A proposed gas pipeline in B.C. would run through the Skeena watershed. Photo by Brian Huntington / Skeena Watershed Conservation Coalition

B.C. Environment Minister George Heyman will soon decide the fate of Enbridge’s Westcoast Connector Gas Transmission Project — and possibly his government. First approved in 2014, the 48-inch pipeline would carry fracked gas across a complex patchwork of sovereign territories to a new LNG terminal on the coast.

Last week, Heyman’s ministry closed consultation with First Nations, giving some Indigenous groups just days to comment on Enbridge’s 98-page application. The company is seeking an emergency override of provincial law to prevent expiry of its project certificate.

At the same time, TC Energy’s Coastal GasLink pipeline is becoming a costly boondoggle (more on that below). Polls show public opinion turning against oil and gas expansion. Voters are tired of companies like Enbridge making record profits — then demanding subsidies and special treatment from government.

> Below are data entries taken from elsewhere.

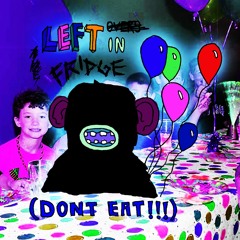 Leftovers In The Fridge (DONT EAT)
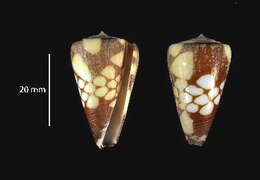 Image of Conus marchionatus Hinds 1843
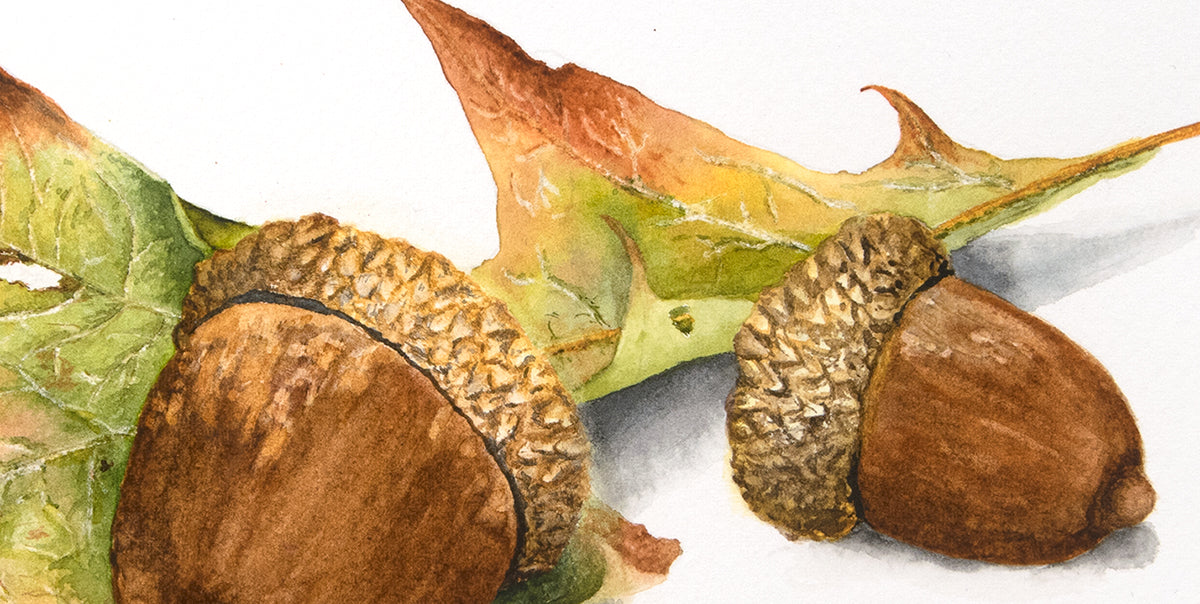 Autumn Oak and Acorns - Original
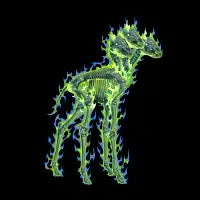 3 head horse - design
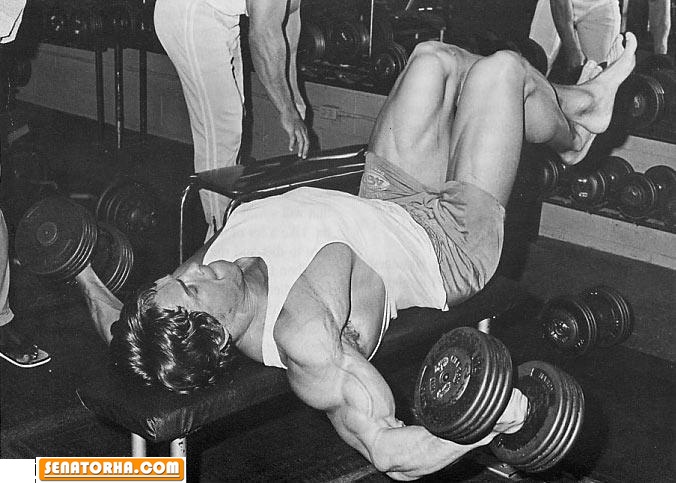 گالری اختصاصی عکسهای آرنولد شوارتزنگر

B.C.’s NDP government is already struggling to reduce greenhouse gas emissions amid a flurry of new fossil fuel projects. Approving another mega pipeline would only deepen that contradiction, with an election coming next year.

Instead, the smart move is to divert support for oil and gas to renewable energy, housing and climate-proof infrastructure.

Enbridge’s Westcoast Connector Gas Transmission Project could become the subject of another heated debate about pipelines, writes Kai Nagata. #BC #LNG #SkeenaWatershed

Enbridge tries to rewind the clock

The Westcoast Connector pipeline was first proposed by Spectra Energy back in 2012. It was rubber-stamped under B.C. premier Christy Clark, an enthusiastic booster of LNG.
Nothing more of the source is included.